__What to work on__: Everything below from the line with "PSE Top Sz M" through the line with "thumbnail image 3" should be copied exactly, and nothing else; leave out the pictures.
═══ Information given
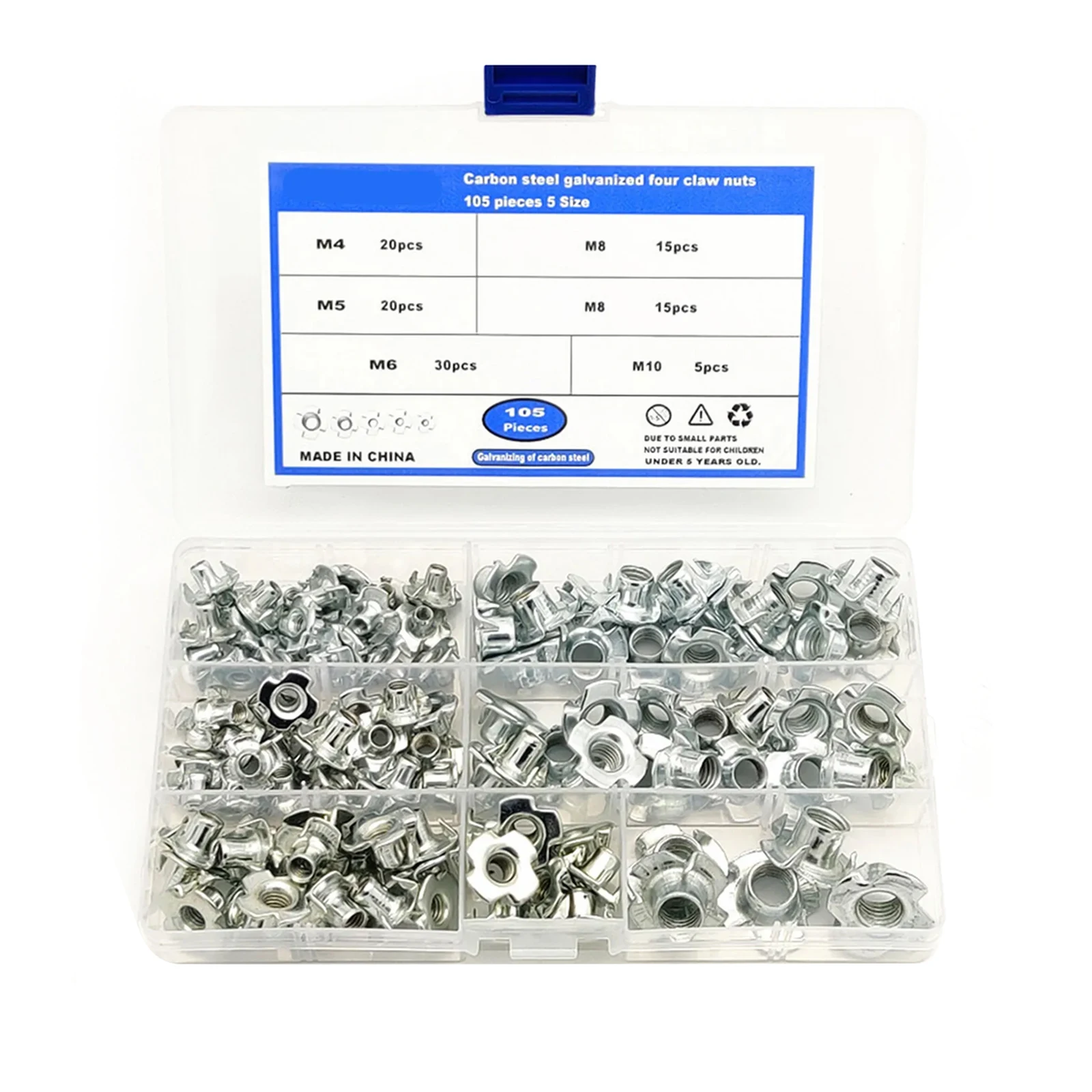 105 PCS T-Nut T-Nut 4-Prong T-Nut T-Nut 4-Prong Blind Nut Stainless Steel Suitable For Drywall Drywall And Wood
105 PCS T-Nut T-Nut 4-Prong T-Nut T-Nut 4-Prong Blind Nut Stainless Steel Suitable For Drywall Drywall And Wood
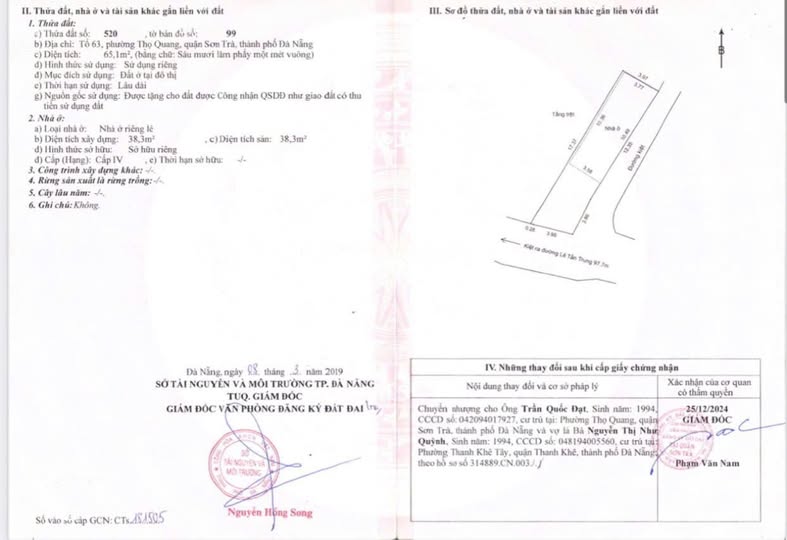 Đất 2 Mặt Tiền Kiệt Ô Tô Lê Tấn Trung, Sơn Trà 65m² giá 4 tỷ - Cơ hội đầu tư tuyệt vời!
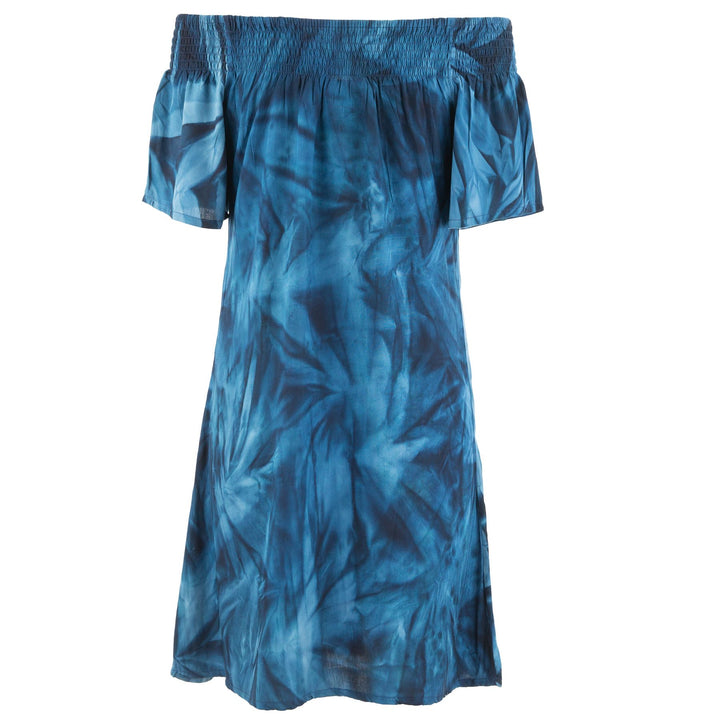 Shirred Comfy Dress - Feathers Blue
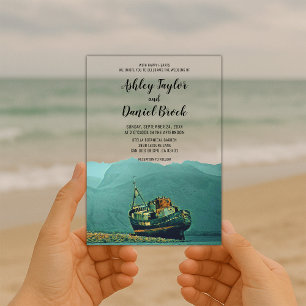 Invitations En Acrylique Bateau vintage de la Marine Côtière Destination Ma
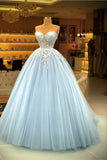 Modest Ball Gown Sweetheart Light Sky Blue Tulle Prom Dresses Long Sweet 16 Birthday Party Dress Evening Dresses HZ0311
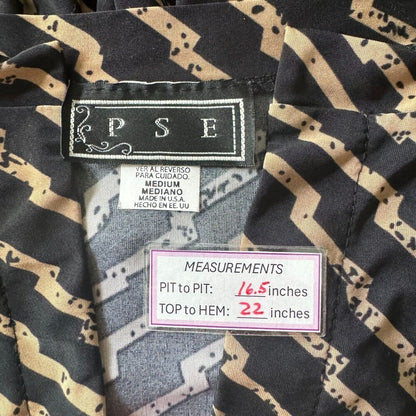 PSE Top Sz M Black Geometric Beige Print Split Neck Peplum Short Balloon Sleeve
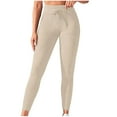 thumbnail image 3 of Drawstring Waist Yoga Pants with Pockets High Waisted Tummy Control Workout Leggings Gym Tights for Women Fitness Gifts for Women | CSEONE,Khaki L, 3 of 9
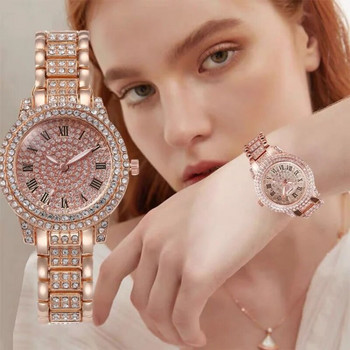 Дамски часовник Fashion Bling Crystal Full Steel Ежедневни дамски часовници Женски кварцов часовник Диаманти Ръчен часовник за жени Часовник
══════
__Completed exercise__:
 PSE Top Sz M Black Geometric Beige Print Split Neck Peplum Short Balloon Sleeve
 thumbnail image 3 of Drawstring Waist Yoga Pants with Pockets High Waisted Tummy Control Workout Leggings Gym Tights for Women Fitness Gifts for Women | CSEONE,Khaki L, 3 of 9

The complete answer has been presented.